One of the cool things about being a movie blogger is getting approached by independent filmmakers who are looking for some help spreading the word about their projects. It’s a great way to get outside the Hollywood bubble and it’s refreshing to rub elbows with our fellow aspiring professionals and revisit the pure joy of film. The latest film to cross my path is a small town crime drama directed by Soren Johnstone called Play With Fire. It’s about a small time meth dealer living in a British Columbia mill town coping with pressures from within and without to make a change in his life. It’s a story about love, guilt and murder – but ultimately about despair, the despair of the cycle of crime and violence facing small towns across the country.
…the mill, dominating the town’s meagre skyline and set against such a rugged natural setting evoked images of The Deer Hunter…
Johnstone set himself the ambitious challenge of shooting the film entirely in natural light, and manages to capture Trail, BC’s beauty and misery at its most raw. From a noose dangling from a bridge in the noonday sun, to the monolithic mill looming over town, he establishes a post-industrial dystopia in the heart of the most beautiful place on Earth (that’s BC to the uninitiated). What stunned me was that the mill, dominating the town’s meagre skyline and set against such a rugged natural setting evoked images of The Deer Hunter, wherein we had the Vietnam war to bring the lives of its characters into focus. In Play With Fire there is no seminal event to help Christian sort out his problems, only the bleak prospect of either one day working in the mill or taking matters into his own hands by dealing meth to his similarly disaffected neighbours. The result is a community living in the shadow of the mill, wasting away on drugs, trying to stay away from it, but never being able to escape it.

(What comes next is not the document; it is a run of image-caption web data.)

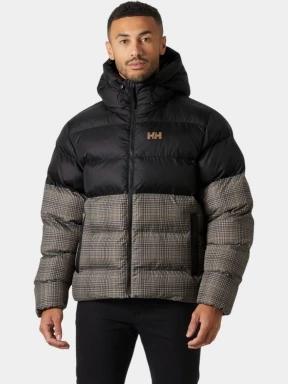Helly Hansen Oslo Graphic Puffy férfi átmeneti kabát barna színben 1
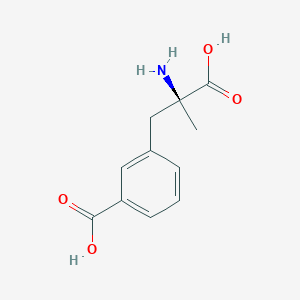 molecular formula C11H13NO4 B069103 alpha-Methyl-3-carboxyphenylalanine CAS No. 171031-50-8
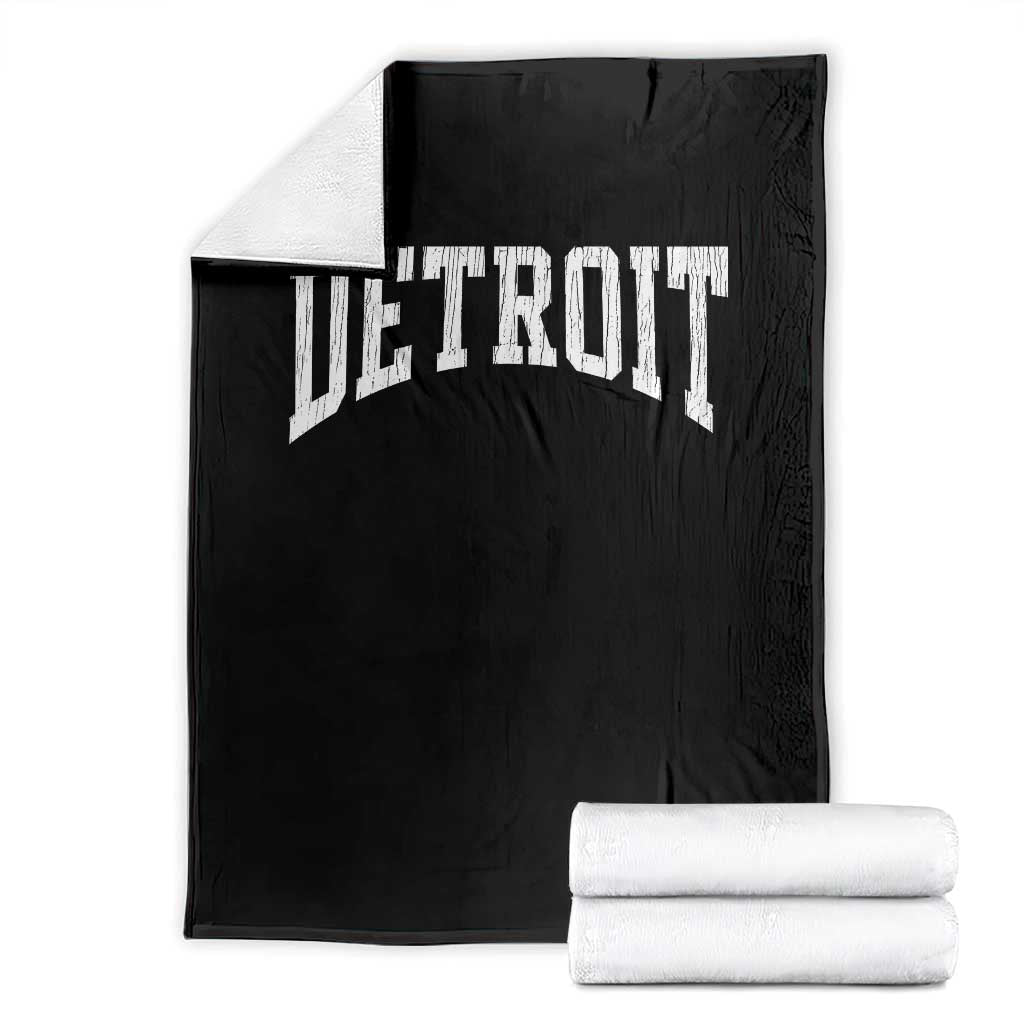 Detroit Michigan City Throwback Design Vintage Throw Blanket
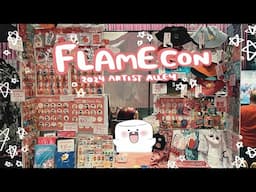 My first ever nyc local con! FLAME Con Artist Alley 2024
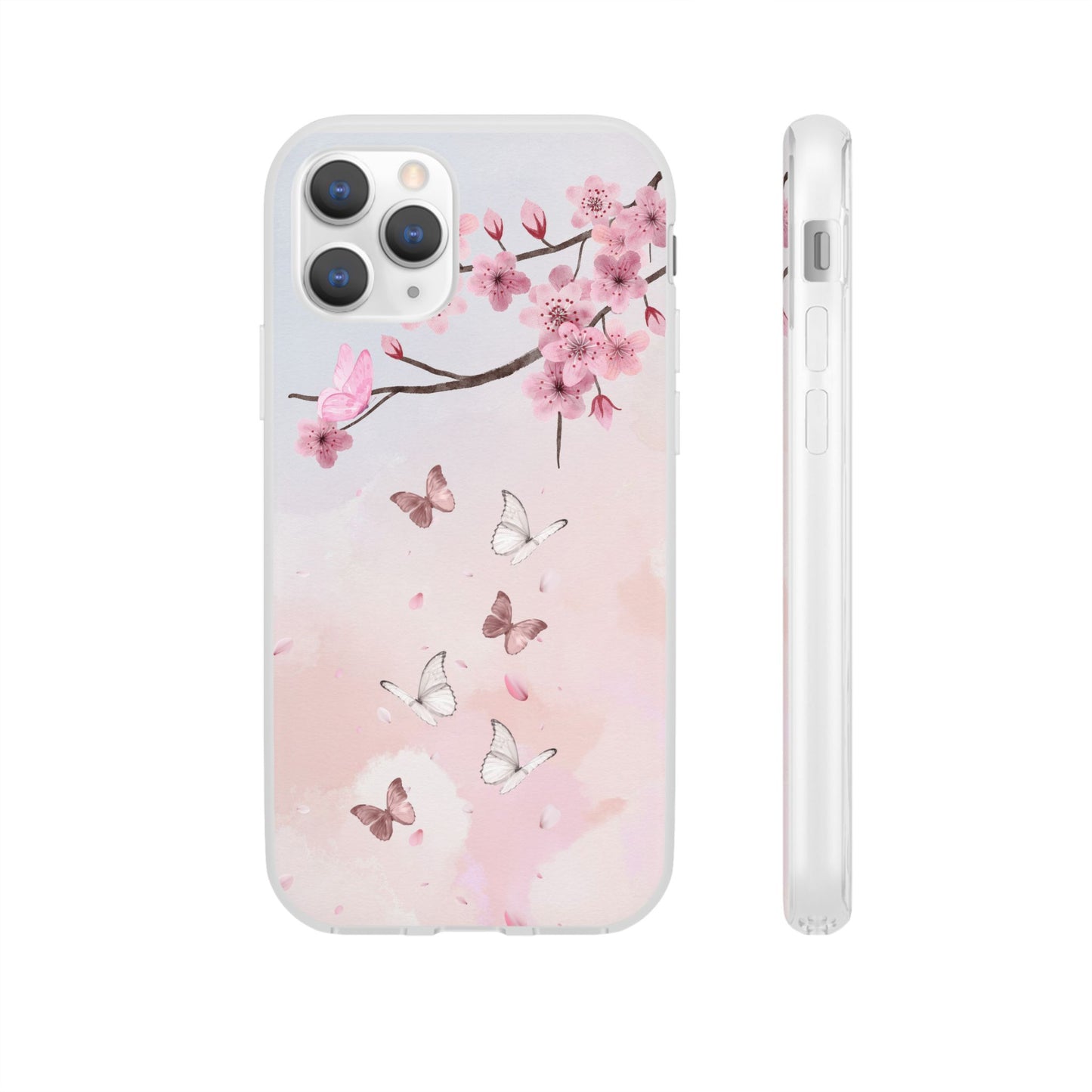 Pink Floral Flexi Case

Soren Johnstone’s naturalistic style should serve as an example to aspiring filmmakers that budgetary concerns don’t have to stand in the way of beautiful cinematography. The story is gritty, universal, and perhaps even a little too familiar, with surprisingly rich performances from an entire cast of non-professionals. It’s a testament to movie making in its most stripped down form and a must see for would be a valuable secret weapon in any young filmmakers arsenal. Keep an eye out for Johnstone’s name in the coming years, his talent is bound to land him higher profile gigs as word of his work spreads.